Research Implications. In this branch of science, as with so many others, the best research work will be done by those who have access to the largest sets of data. Genomic researchers will want access to as many human genomes (with detailed phenotypic annotations) as possible: you can do much better science if you have access to 500,000 annotated genomes than you can with 50,000. But these data sets come with strings attached: you may only use them if your proposed use is within the terms of the associated consent. We can probably assume that most people would not like their genome to be used without their consent: we feel that we ‘own’ our genetic information, that we have a legitimate interest in keeping it private, that we’re more than just a datum. Yet much of the very best science in this field, science that may directly benefit us or someone we love dearly, can only be done in cases where researchers have access to massive data collections, drawn from a number of countries, where each human is represented as a (large) file of data.

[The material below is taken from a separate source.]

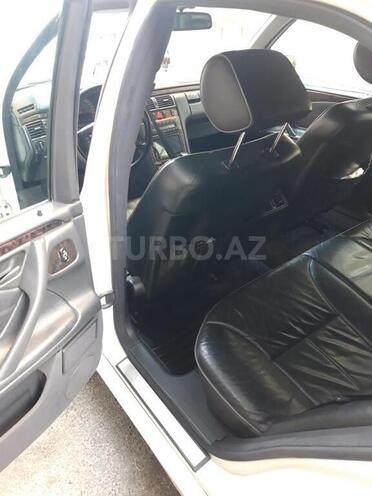 Mercedes E 220 2001, 410,000 km - 2.2 l - Bakı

New Therapies and their Commercialisation. If a life sciences company creates a breakthrough therapy for a cancer after obtaining access to the 100,000 Genomes Project’s anonymous research data set what, if anything, should it pay by way of royalty to the NHS? Bringing a new therapy such as a targeted drug to market is a notoriously expensive, difficult and risky business. Those who most stand to benefit will be the patients suffering from the relevant condition: they will care much more about the availability of a new therapy than NHS royalties. Is it enough that the NHS stimulates private sector activity, or should it also seek to reap commercial rewards, even if that behaviour might deter the very work it hoped to promote?
Each of these topics merits much longer discussion than presented here and there are even more that we could mention, such as the implications for health insurance, the role for cloud-based data storage and access, the development of ‘direct to consumer’ genomic kits, whether genes can fairly be the subject of patent rights and the regulatory arrangements that apply to ‘biobanks.’
One should always be wary of claims that a new technology will ‘revolutionise’ any aspect of society or to ‘transform’ an industry: these expressions have lost much of their impact through overuse. I do hope it’s clear, however, from this brief introduction that the field of genomics can fairly make such claims. But there’s a lot of challenging work ahead to help it realise its potential.
This article first appeared in the September 2014 edition of e-Health law & policy.